● **ASSIGNED TASK**: Retype exactly what appears below from the line containing "1TB / Windows 11" down to the line containing "1468 Carisbrooke Drive, Mebane, NC 27302", keeping both end lines. Do not include pictures.

● **PROVIDED DATA**:
>>>

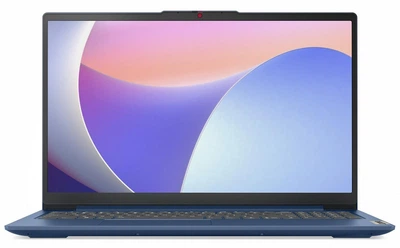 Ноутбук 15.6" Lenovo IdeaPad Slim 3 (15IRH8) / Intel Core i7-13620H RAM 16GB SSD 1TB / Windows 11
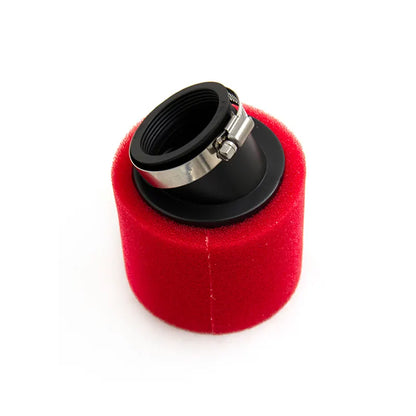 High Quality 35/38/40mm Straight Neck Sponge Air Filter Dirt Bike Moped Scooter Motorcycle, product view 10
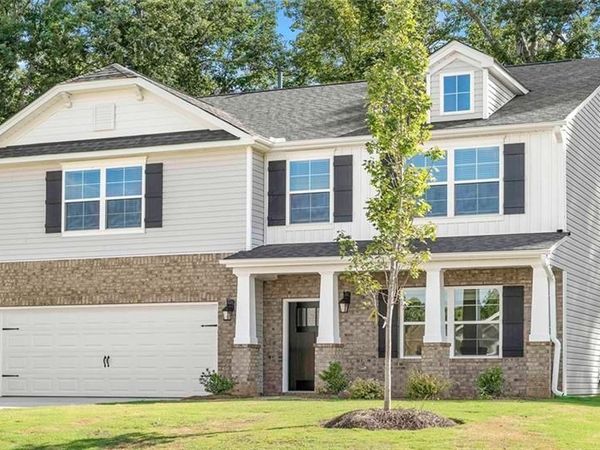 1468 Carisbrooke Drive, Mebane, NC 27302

<<<
>>>

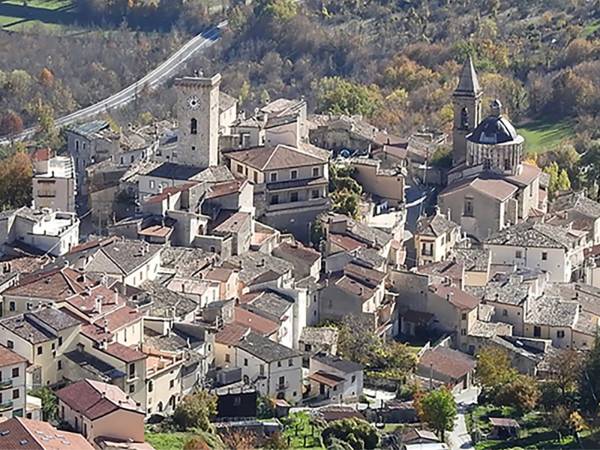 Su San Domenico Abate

<<<
>>>

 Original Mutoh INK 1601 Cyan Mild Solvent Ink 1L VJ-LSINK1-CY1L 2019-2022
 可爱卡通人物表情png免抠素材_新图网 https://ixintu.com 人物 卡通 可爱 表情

<<<

● **WRITTEN ANSWER**:
 Ноутбук 15.6" Lenovo IdeaPad Slim 3 (15IRH8) / Intel Core i7-13620H RAM 16GB SSD 1TB / Windows 11
 High Quality 35/38/40mm Straight Neck Sponge Air Filter Dirt Bike Moped Scooter Motorcycle, product view 10
 1468 Carisbrooke Drive, Mebane, NC 27302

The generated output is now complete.